The response should repeat word for word every line below from the one with "Over here in" to the one with "by inserted. We", inclusive, and nothing else; leave pictures out.
--- GIVEN DATA Enclosed Below ---
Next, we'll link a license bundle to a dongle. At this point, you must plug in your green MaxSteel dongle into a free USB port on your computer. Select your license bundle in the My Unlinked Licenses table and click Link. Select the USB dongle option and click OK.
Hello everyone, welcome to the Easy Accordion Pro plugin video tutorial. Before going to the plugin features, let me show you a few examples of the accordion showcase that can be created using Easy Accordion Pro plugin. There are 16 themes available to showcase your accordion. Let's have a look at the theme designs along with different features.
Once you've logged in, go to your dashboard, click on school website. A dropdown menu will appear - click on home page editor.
--- End of Enclosed GIVEN DATA ---
--- GIVEN DATA Enclosed Below ---
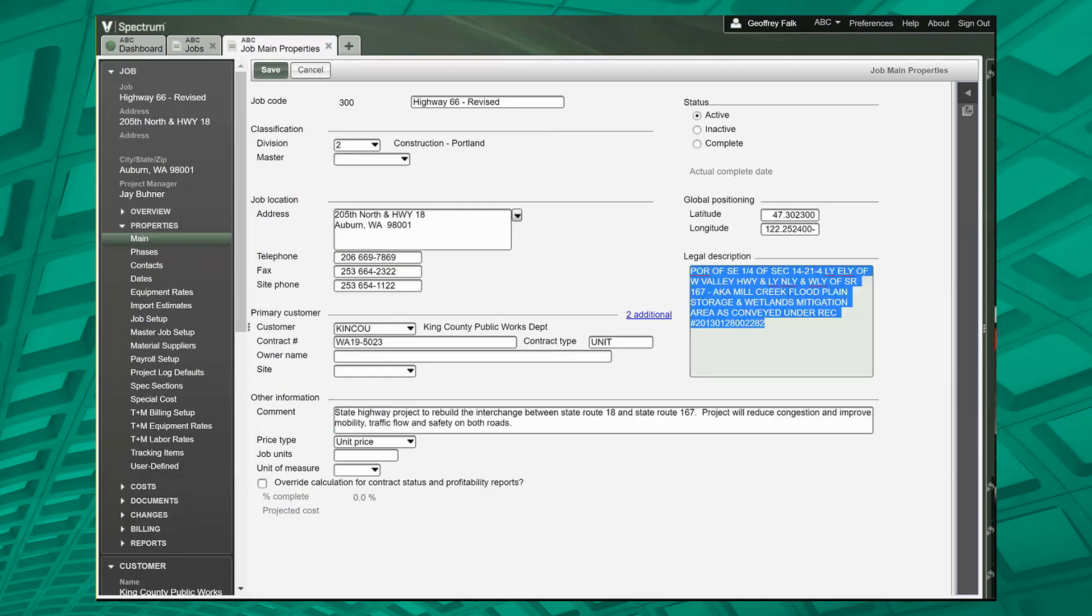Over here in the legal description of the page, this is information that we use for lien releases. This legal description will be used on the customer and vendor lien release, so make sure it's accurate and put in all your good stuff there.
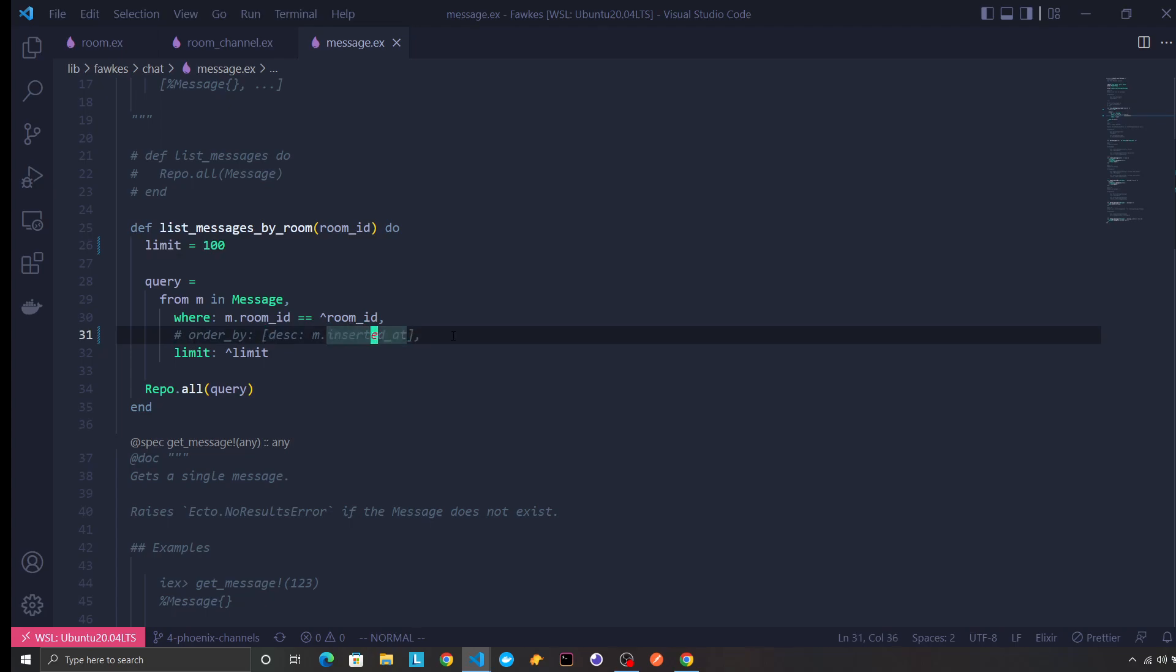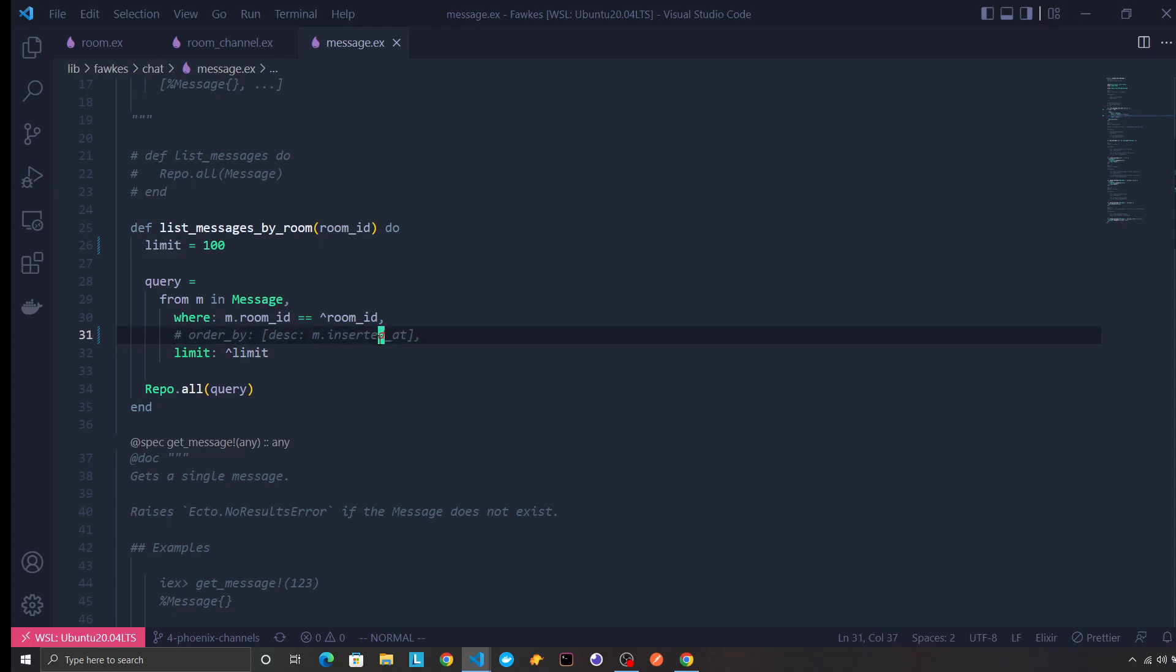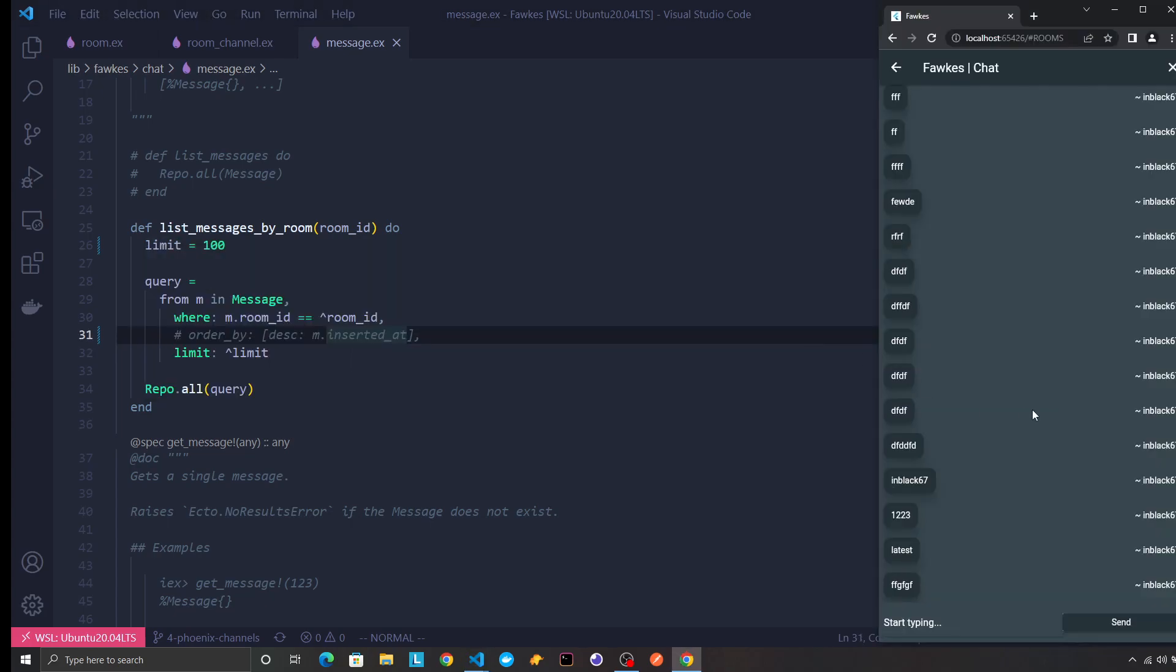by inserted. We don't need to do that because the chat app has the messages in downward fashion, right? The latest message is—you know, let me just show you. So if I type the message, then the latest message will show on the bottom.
--- End of Enclosed GIVEN DATA ---
RESULT —
Over here in the legal description of the page, this is information that we use for lien releases. This legal description will be used on the customer and vendor lien release, so make sure it's accurate and put in all your good stuff there.
by inserted. We don't need to do that because the chat app has the messages in downward fashion, right? The latest message is—you know, let me just show you. So if I type the message, then the latest message will show on the bottom.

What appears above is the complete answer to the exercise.